EXERCISE DIRECTIONS: Below are some records. Return exactly their lines from the one containing "Evenement foto: 1473" through the one containing "Hanwell Gazette and", and drop the pictures.
==== TASK DATA ====
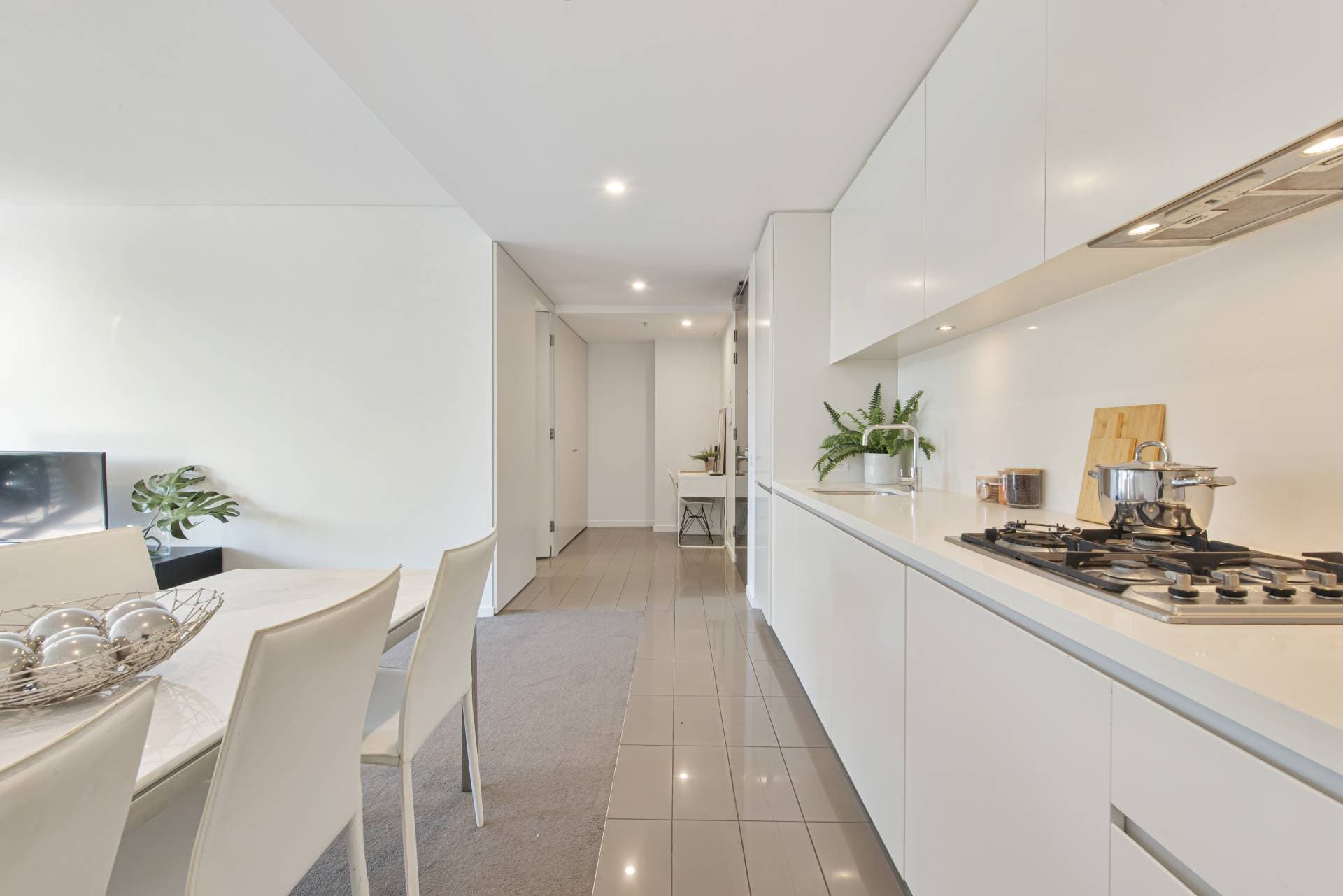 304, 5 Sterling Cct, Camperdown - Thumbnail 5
====
==== TASK DATA ====
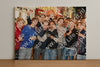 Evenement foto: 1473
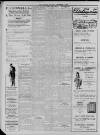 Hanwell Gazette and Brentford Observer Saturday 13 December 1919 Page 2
====
==== TASK DATA ====
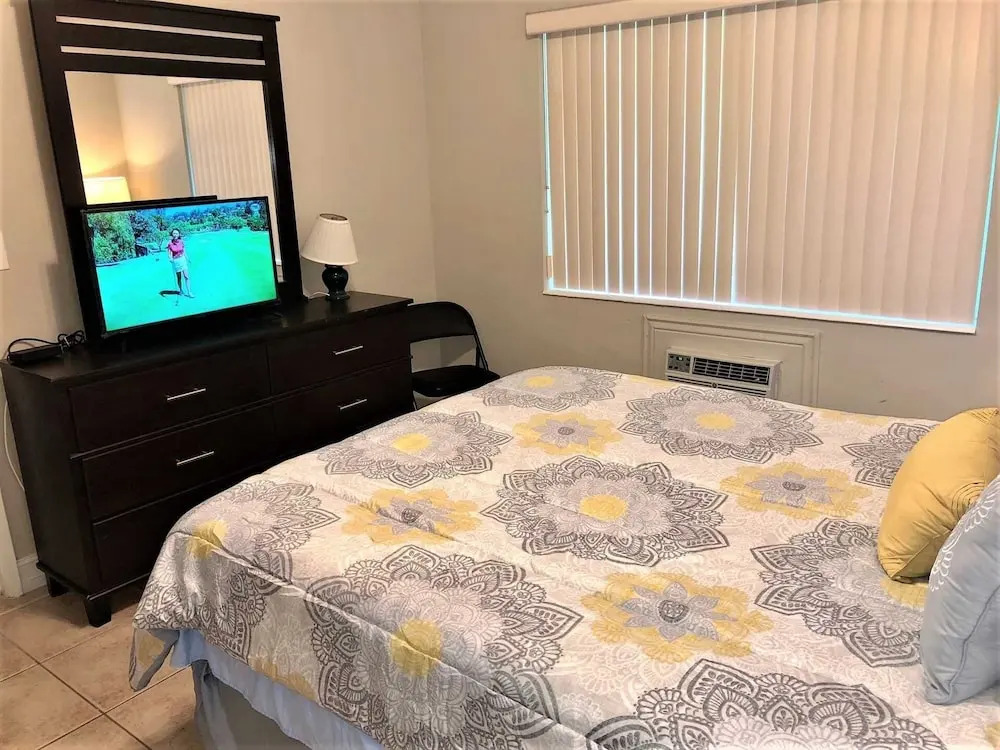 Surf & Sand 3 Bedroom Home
====
REPLY TO THE EXERCISE:
 Evenement foto: 1473
 Hanwell Gazette and Brentford Observer Saturday 13 December 1919 Page 2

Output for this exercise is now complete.